• [Recorded data]:
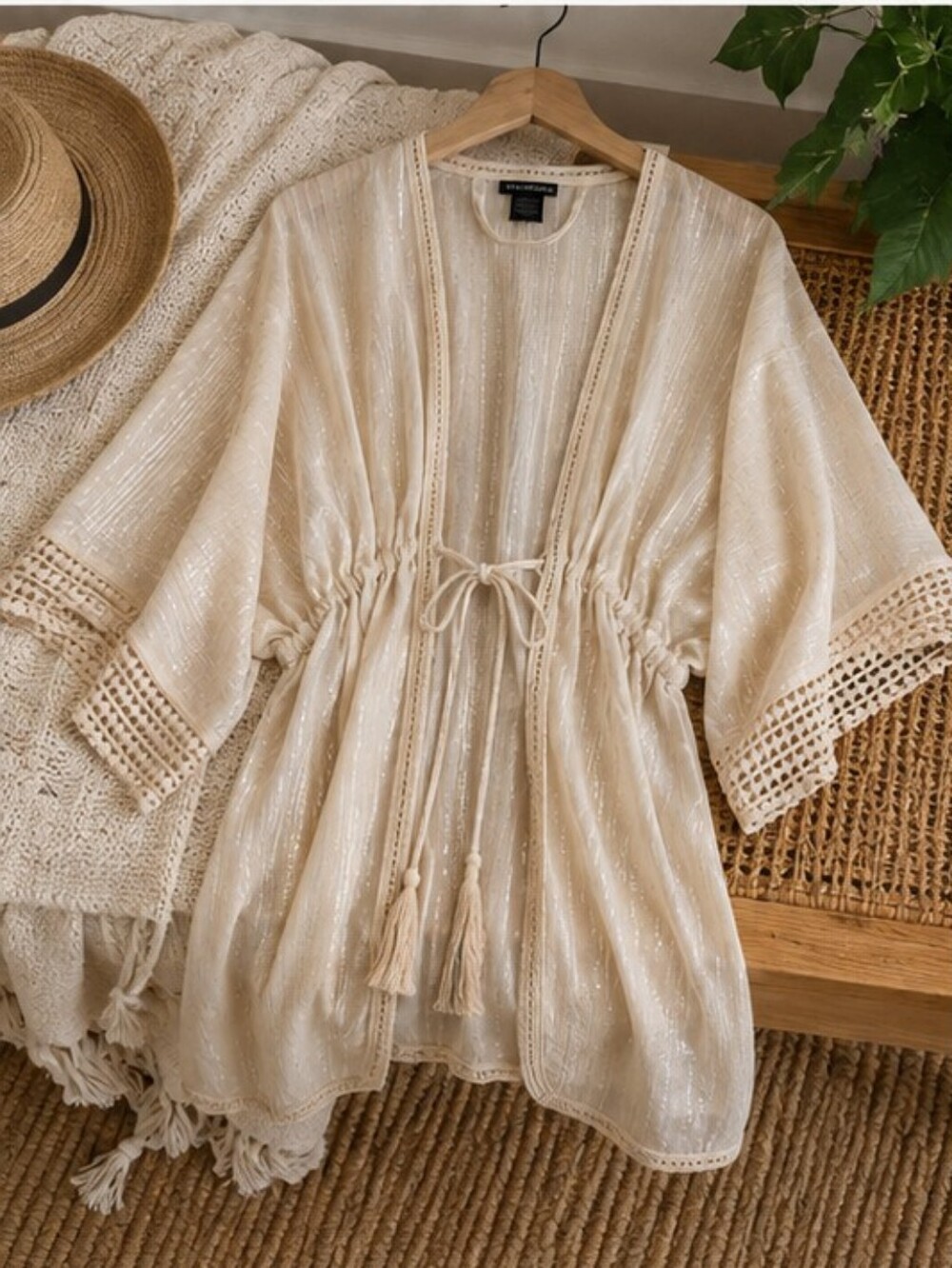Steve Madden Cream Metallic Stripe Kimono Cover Up One Size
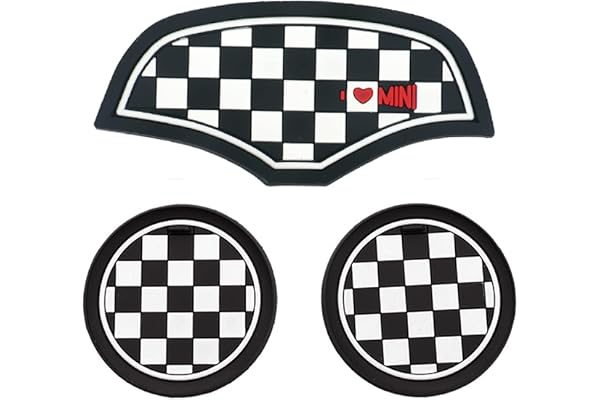 Mini F55 F56 Porte-gobelets pour Auto, 3 Pièces sous Verres de Voiture Universel Anti-Dérapant Silicone pour Mini Cooper Hatchback F55 F56(Carreaux)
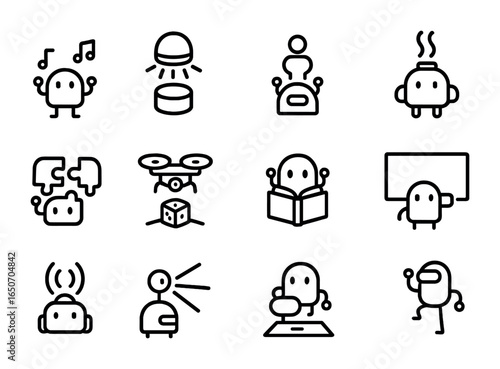 Entertainment Microrobots Icons. Outline icon set of entertainment microrobots: music playing nanos, mood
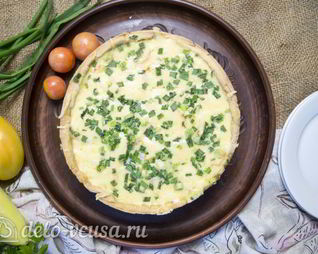 Открытый пирог с курицей и овощами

• [Task details]: Retype nothing except the lines from the first line of the listing above through the line with "Mini F55 F56", exactly as they stand, and no pictures.

• [Final answer]:
Steve Madden Cream Metallic Stripe Kimono Cover Up One Size
 Mini F55 F56 Porte-gobelets pour Auto, 3 Pièces sous Verres de Voiture Universel Anti-Dérapant Silicone pour Mini Cooper Hatchback F55 F56(Carreaux)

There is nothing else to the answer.